Bills targeting book bans raise concerns about the penalties libraries could face

Bills against book bans are gaining traction in state legislatures around the country — and with them have come worries about the potentially negative impact on libraries themselves.

The number of banned books across the country saw an almost two-thirds increase in 2023 from the previous year, to more than 4,200 titles, according to a new report from the American Library Association. The free speech advocacy group PEN America found that last school year, about 30% of the book titles being challenged in schools included characters of color or discussed race and racism, while another 30% presented LGBTQ characters or themes. In addition, almost half the banned books featured themes or instances of violence or physical abuse, and a third contained writing on sexual experiences between characters.

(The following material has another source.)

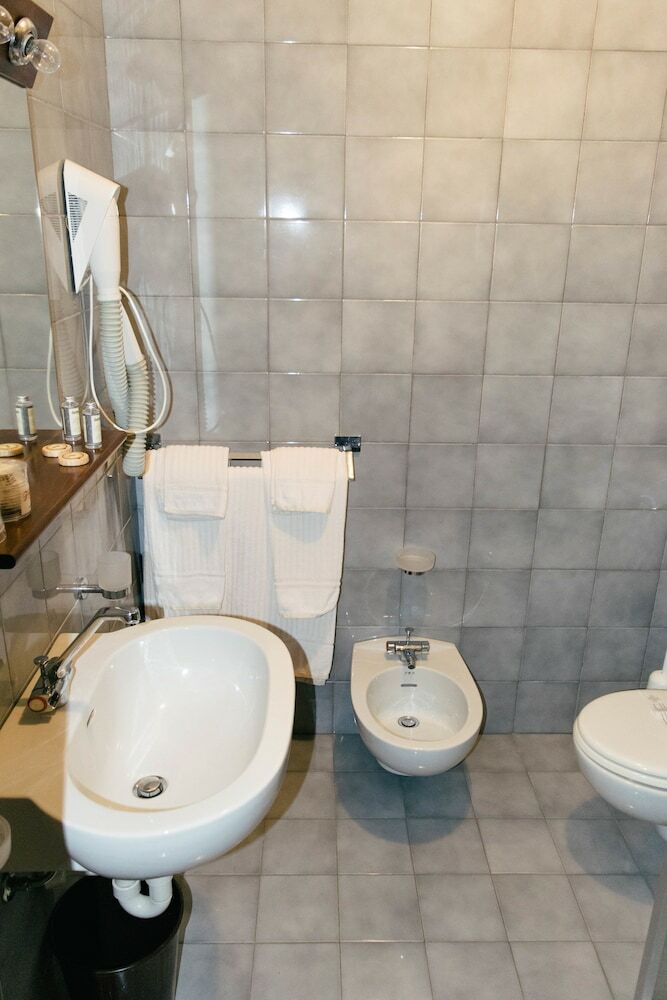 Hotel Villa San Carlo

The rise in book bans has prompted lawmakers to push back with bills in New York, New Jersey, Pennsylvania, Colorado, Oregon, Washington and New Mexico. They follow Illinois and California, where such legislation has been signed into law.

Experts are raising concerns, however, as some of the legislation would fine school districts or withhold library funding if their provisions are not followed, such as in Illinois and California. The enforcement measures could especially be a threat to public schools and libraries that are underfunded and understaffed, they say.

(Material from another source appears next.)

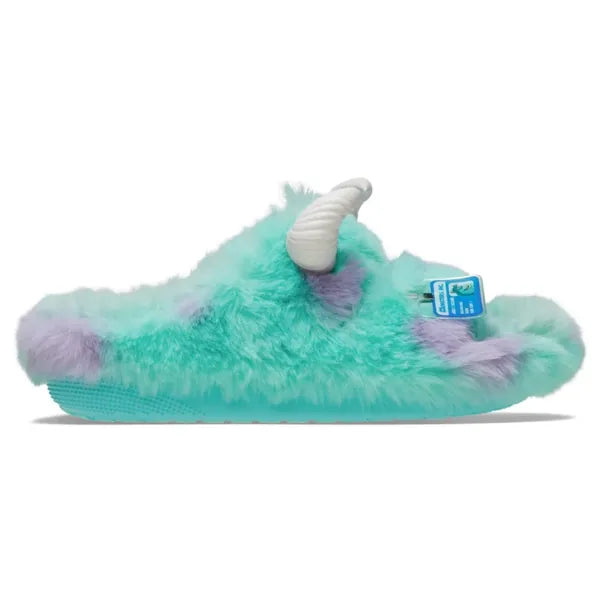 Crocs Sully – Produto Oficial Disney + Crocs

“It always is a concern when you put funding on the line for any reason,” said Deborah Caldwell-Stone, director of the American Library Association’s Office for Intellectual Freedom.

“We would not want to see bills that are overly prescriptive that make it difficult for smaller communities or rural communities to receive their funding.”

She added, “Our big concern is not creating a system that would make it so onerous to comply with the bill that it makes it difficult for libraries with fewer resources.”

Budgetary constraints also can give rise to circumstances that could be misread as violations of state laws, experts say. For example, titles may be removed or go missing from the shelves of schools or public libraries when the books are damaged or lost or there’s no money in the budget to purchase them. Personnel shortages also can prevent libraries from staffing panels that review books or instructional materials for approval or disapproval. Some experts argued that such problems could be unfairly weaponized against schools or public libraries, which have experienced increased criticism and scrutiny as part of the growing movement to ban books.

Illinois’ new law requires that state libraries adopt the American Library Association’s long-standing Library Bill of Rights, which says that reading materials cannot be banned, removed or restricted due to “partisan or doctrinal disapproval,” or, alternatively, a similar statement prohibiting the banning of books. If public libraries don’t adopt such guidelines, they become ineligible for state grant money, which makes up a substantial part of their budgets.

When asked about the concerns over the law, Illinois state Sen. Laura Murphy, a Democrat who co-sponsored the measure, said in a statement to NBC News that by adding the threat to funding to the legislation, lawmakers were “intentional in establishing a mechanism to hold libraries accountable and sending a clear message that there would be a recourse for those who seek to ban books.”

She added that the law’s enforcement gave it more of a backbone and was a way to “further demonstrate our support for librarians” who back efforts to keep an inclusive range of book titles available.

Emily Knox, an associate professor in the School of Information Sciences at the University of Illinois at Urbana-Champaign, said that she believes connecting funding to Illinois’ bill is necessary for its effectiveness.

“That’s what gives the bill any teeth at all,” she said. “Libraries and schools need more money, but because funding is so precious to public institutions, you don’t want to do things that jeopardize the possibility of getting funding from a source like the state. So it does make a big difference.”

Knox said claims that the funding could be weaponized against libraries in the state if they are targeted for not having certain titles on the shelf are inaccurate based on the wording of the legislation.